The free school lunch initiative for children from poor or disadvantaged families was introduced by President-elect Prabowo Subianto and Vice-President-elect Gibran Rakabuming Raka as one of their key campaign promises. Mr Gibran is President Joko Widodo’s elder son...
The pair – who won the Feb 14 presidential election by a landslide and will be inaugurated in October – had in the lead-up to the polls pledged to offer free lunches and milk for students as well as nutritional aid to toddlers and pregnant women in a bid to lower the country’s stunting rate.
Over 20 per cent of Indonesian children under the age of five experienced stunted growth in 2022, according to the United Nations. Stunting, which is being too short for one’s age as a result of poor nutrition, can result in long-term development delays.
When fully implemented by 2029, the programme will cover 83.9 million beneficiaries across the world’s fourth-most-populous nation of nearly 280 million, and cost over 400 trillion rupiah (S$33.7 billion) a year – about 2 per cent of annual gross domestic product.
But on the ground, a trial that was first rolled out in January at 16 schools in Sukabumi, in West Java, has been warmly received by around 3,500 students, their parents and school leaders, who have seen positive changes.
For one thing, saving on the cost of lunches for four of her nine children has provided significant financial relief for Indonesian housewife Rofiati, 46.
Her husband, a teacher at an Islamic boarding school in Sukabumi, earns 2.5 million rupiah a month on average, and the free school meals have helped them save about 420,000 rupiah monthly, which she can put towards other household needs.
Her children do not usually have breakfast before school. Before the free lunch programme, her children would eat lunch only upon returning home from school. Lunch would usually consist of instant noodles, or dishes of vegetables, eggs, tempeh or salted fish.
“I am not worried any more because I know they will eat at school. They have more appetite as they eat together with their friends,” Ms Rofiati told The Straits Times, adding that her children’s appetites have improved and they also like the variety of the meals provided. In fact, her 11-year-old daughter has gained 4kg since the programme started.
Every day, students on the programme receive a lunch package worth 15,000 rupiah, containing rice, meat such as chicken, fish or beef, vegetables, fruit and milk.
At home, the family usually eats meat only once a week.
It is not just the financial savings that parents are happy about. Ms Depi Ratna Juwarti, who has two out of three children benefiting from the free lunches, has noticed other encouraging results.
“They rarely get sick now. They are more motivated to study and spend a longer time studying at night,” Ms Depi said.
Her eldest daughter, Adifa Alifiya Mahrain, 12, also has good reviews. “The food is always delicious and the menu changes every day. I always eat everything. It’s a lot of fun to eat together with my friends,” said Adifa, who hopes to become a paediatrician in the future.

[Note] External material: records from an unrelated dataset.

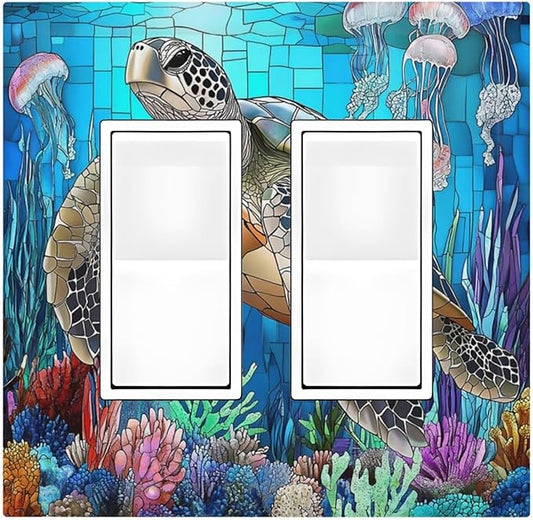 Decorative Outlet Covers Nautical Sea Turtle Coral Jellyfish 2 Gang Double Gfci Rocker Electrical Wall Panels Light Switch Cover Plate For Kids Room Nursery Decor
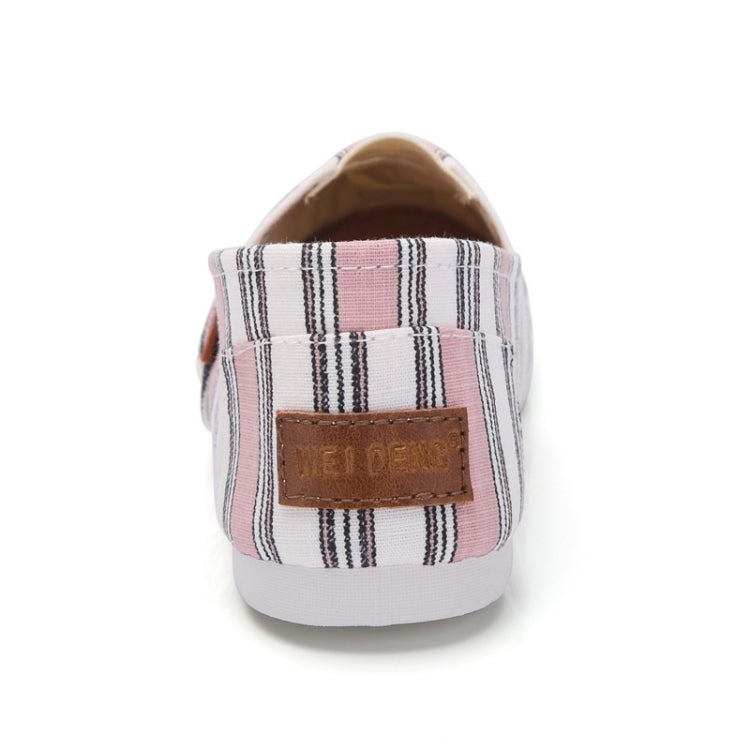 Comfortable and Breathable Wild Striped One-legged Canvas Shoes for Women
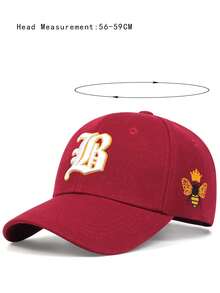 1pc Men's Gothic Letter & Bee Embroidery Baseball Cap, Adjustable Outdoor Casual Sun Protection Hat, Spring/Autumn - Burgundy - View 2
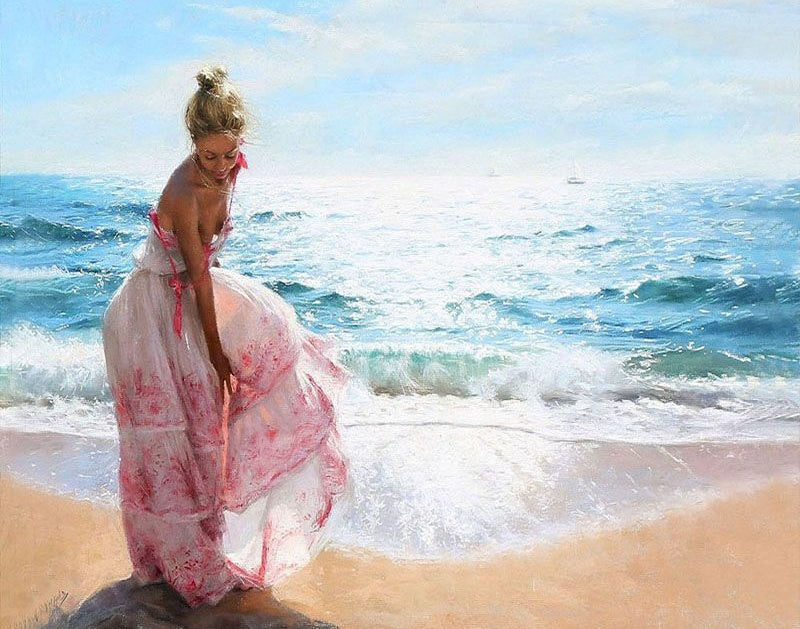 Mujer de Vestido Rosado en la Playa Pintar por Números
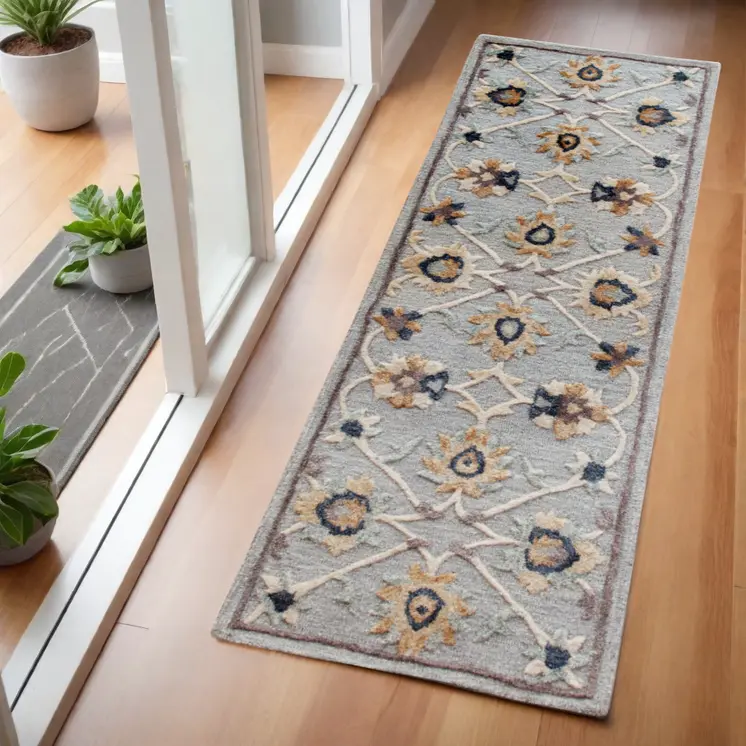 2' X 7' Blue And Beige Floral Runner Rug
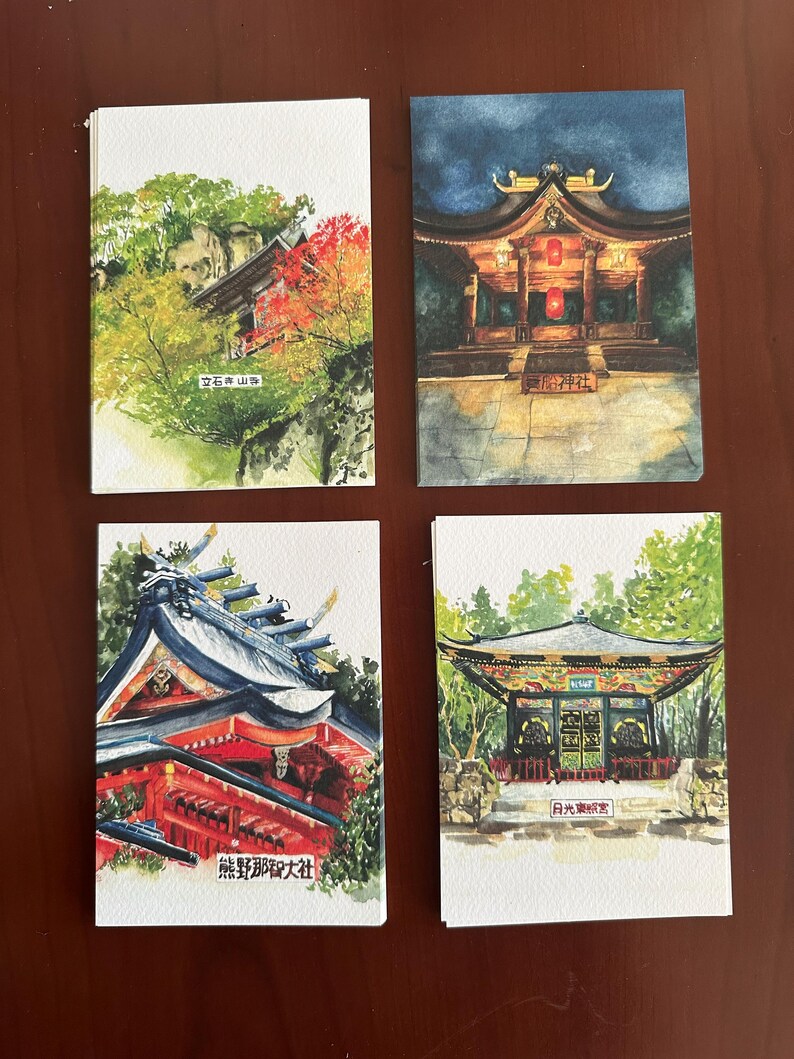 Japan Shrine Postcards Set of Four - Etsy
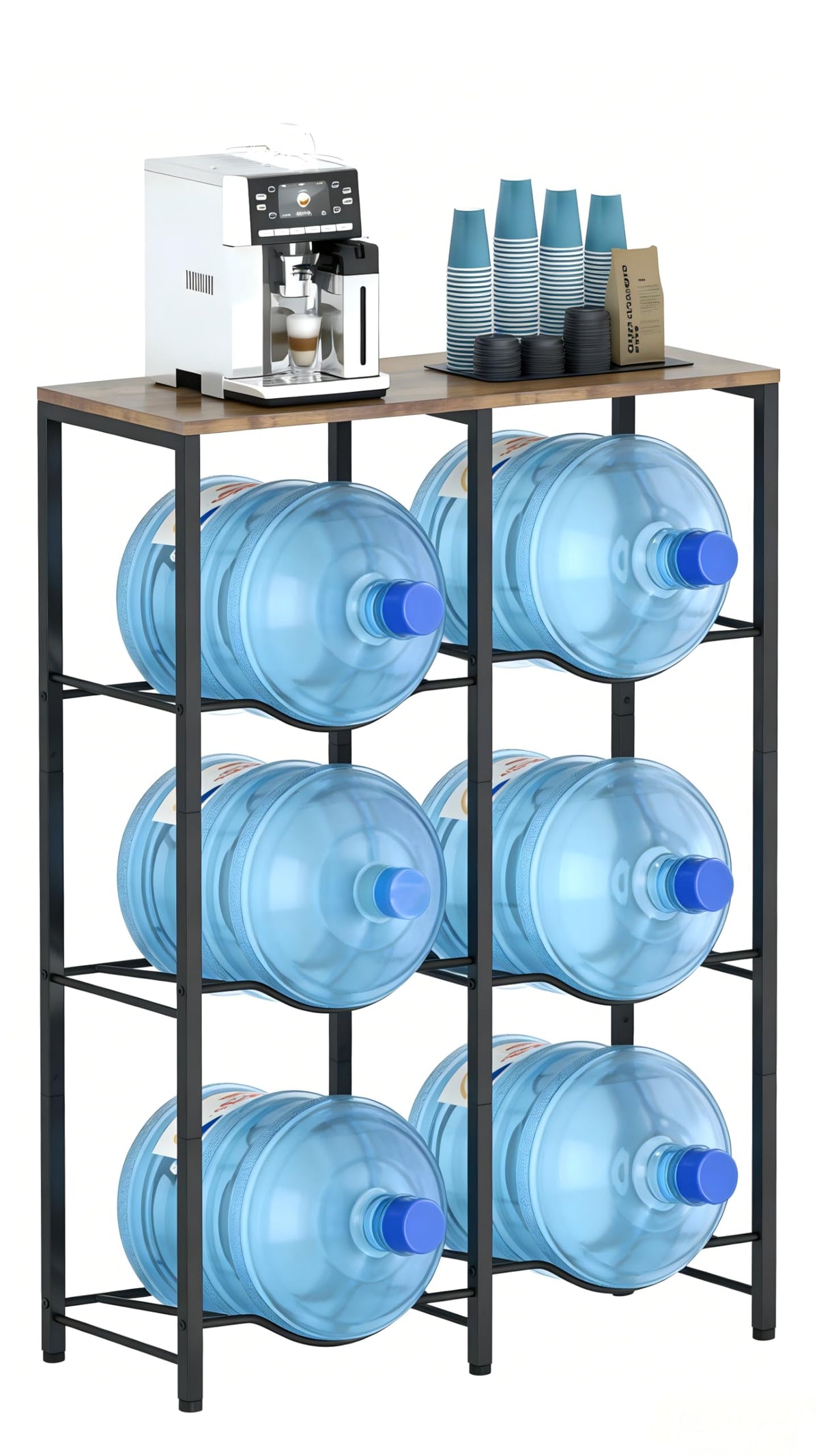 Arbuxzuy metal 5-gallon water jug holder with top shelf for cups and coffee supplies.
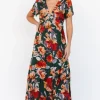 Cassie Short Sleeve Dress | Dark Green Floral | Baltic Born Cheap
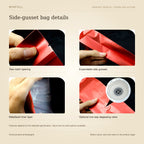 WINFULL side-gusset bag details: tear-notch opening, expandable side gussets, metallised inner layer, optional one-way degassing valve
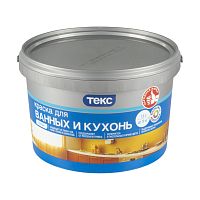 Краска для кухонь и ванных Текс Профи, глубокоматовая, база A, белая, 1,8 л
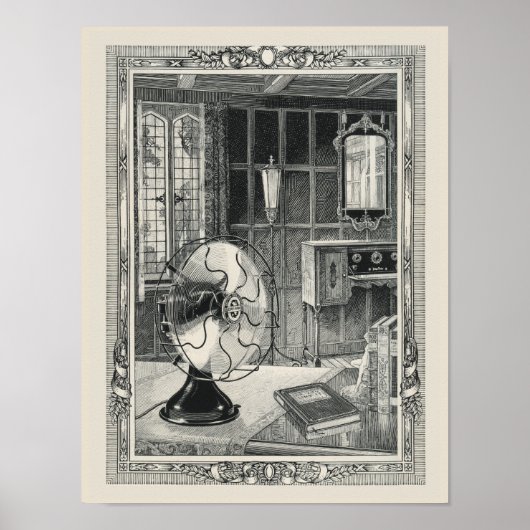 Antiek poster voor het etsen van elektrische venti (Voorkant)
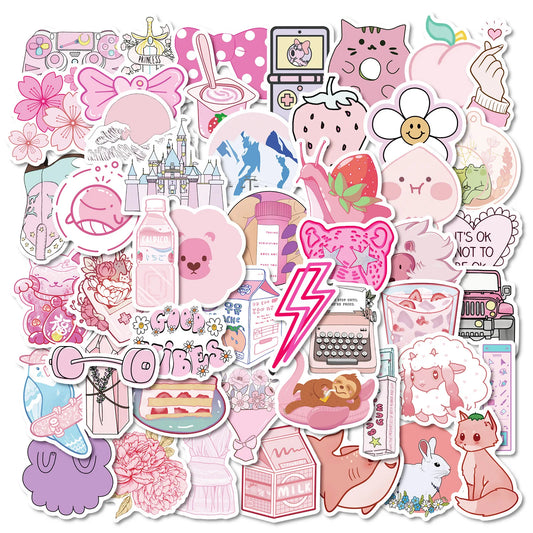 50pcs Cute Girl Cartoon Stickers for Helmet, Desktop, Wall Decoration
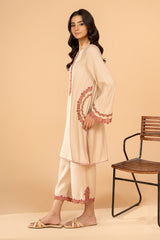 2-PC Embroidered Raw-Silk Shirt with Trouser CNP-4-9S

Mr Shalahudin Sanusi, principal of Gelarsari Islamic primary school in Sukabumi, which is trialling the programme, said he has noticed that pupils have been able to concentrate better and understand lessons more.
He said the initiative has raised the attendance rate of its 110 pupils from 85 per cent to 95 per cent. “They eat modestly at home – mostly rice and salted fish. Rice and eggs are the best they can get,” he told ST. “Now, they are so excited, some even arrive in school at 6am, an hour before lessons start.”"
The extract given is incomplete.